2. the invention is provided with a short message preprocessing module, which is used for preliminarily screening short messages; the intelligent terminal receives the short message and then sends the short message to the short message preprocessing module; the short message preprocessing module acquires a sending number of the short message after receiving the short message, and acquires a short message mark database stored in the storage module through the processor; matching the sending number with the number in the short message database, intercepting the short message corresponding to the sending number when the matching result is obtained, and automatically removing the short message from the intelligent terminal; when the matching result is not obtained, the short message is marked as a primary screened short message, and the primary screened short message and the short message analysis signal are sent to a short message analysis module through a processor; the short message preprocessing module realizes the preliminary screening of the short messages by screening the numbers of the sent short messages, and is beneficial to improving the removal efficiency of the spam short messages;

3. the invention is provided with a short message analysis module, which is used for analyzing the primary selected short message; acquiring a sensitive word bank in a data storage module through a processor; extracting the preliminary screened short messages by a Chinese word segmentation technology to obtain verification keywords, matching the verification keywords with the keywords in the sensitive word bank, judging the preliminary screened short messages to be spam short messages when the verification keywords are matched with results in the sensitive word bank, and automatically removing the spam short messages from the intelligent terminal; when the verification keyword cannot be matched with the result in the sensitive word bank, acquiring an intelligent model in the data storage module; converting the primary screened short message into an input array, marking the input array as a verification input array, and inputting the verification input array into an intelligent model to judge the primary screened short message; when the primary screened short messages are judged to be spam short messages, the primary screened short messages are automatically removed from the intelligent terminal; the short message analysis module further screens the primary screened short messages through a Chinese word segmentation technology and an intelligent model in sequence, and automatically eliminates the screened spam short messages, so that the method is beneficial to improving the recognition rate of the spam short messages and ensuring that the intelligent terminal is not disturbed by the spam short messages.

Drawings

In order to more clearly illustrate the embodiments of the present invention or the technical solutions in the prior art, the drawings used in the description of the embodiments or the prior art will be briefly described below, it is obvious that the drawings in the following description are only some embodiments of the present invention, and for those skilled in the art, other drawings can be obtained according to the drawings without creative efforts.

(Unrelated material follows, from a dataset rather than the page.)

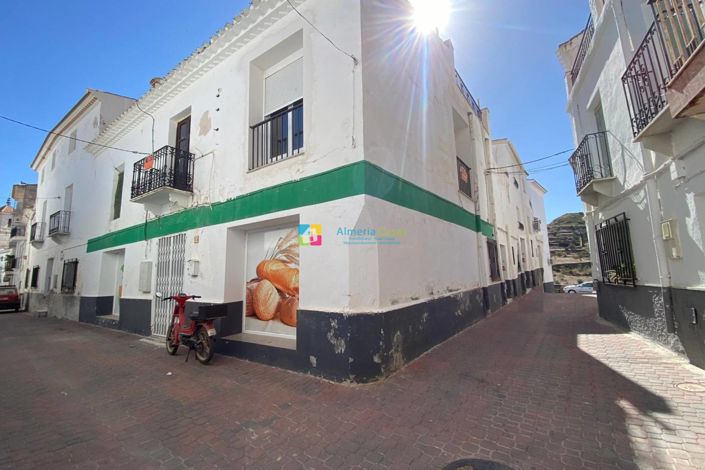 Image No.1-6 Bed Townhouse for sale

Fig. 1 is a schematic diagram of the principle of the present invention.

Detailed Description

The technical solutions of the present invention will be described clearly and completely with reference to the following embodiments, and it should be understood that the described embodiments are only a part of the embodiments of the present invention, and not all of the embodiments. All other embodiments, which can be derived by a person skilled in the art from the embodiments given herein without making any creative effort, shall fall within the protection scope of the present invention.

Referring to fig. 1, a spam removal system based on a chinese word segmentation recognition technology includes a processor, an IP analysis module, an information distribution module, a data storage module, a short message preprocessing module, an intelligent model module, and a short message analysis module;

the intelligent model module is used for acquiring an intelligent model;

Further, the short message preprocessing module is used for primarily screening the short messages, and comprises:

the intelligent terminal receives the short message and then sends the short message to the short message preprocessing module; the intelligent terminal comprises an intelligent mobile phone and a tablet computer;

Further, the short message analysis module is used for analyzing the primarily selected short message, and comprises:

acquiring a sensitive word bank in a data storage module through a processor; the sensitive word bank at least comprises a key word of a sensitive word type, and the sensitive word type comprises drugs and yellow-related drugs;

Further, the intelligent model module is used for training the neural network model to obtain the intelligent model, and comprises:

acquiring a spam message database through the Internet, and numbering spam messages; the specific reference numbers are 5 digits, such as 1+01+ 00; wherein, the position of 1 represents the arrangement rule of the spam messages, and the arrangement rule comprises horizontal rows and vertical rows; the position of 01 represents the type of sensitive words, 00 represents the mixed type, 01 represents drugs, and 02 represents the reference yellow; the position of 00 represents the number of sensitive words;

Further, the IP analysis module analyzes the IP address of the junk short message after receiving the IP analysis signal, and adds the IP address into an IP blacklist when the number of times of sending the junk short message by the IP address exceeds the preset number of times of sending the junk short message.

Further, the information issuing module is used for issuing a rejection result of the spam short messages and periodically issuing a rejection record of the spam short messages to the intelligent terminal.

Further, the short message mark database is generated through a third-party platform, and comprises the following steps:

generating an empty short message mark library through a processor;

acquiring a harassment number statistical table through a third-party platform; the third party platform comprises China Mobile, China Unicom and China telecom, and the number in the harassing number statistical table is the number marked as a harassing call by the user of the third party platform;

when the marking times BC is larger than L1, the number corresponding to the marking times is stored in a short message marking library; wherein L1 is a preset marking time threshold;

Further, the processor is respectively in communication connection with the IP analysis module, the information release module, the data storage module, the short message preprocessing module, the intelligent model module and the short message analysis module, and the data storage module is in communication connection with the information release module.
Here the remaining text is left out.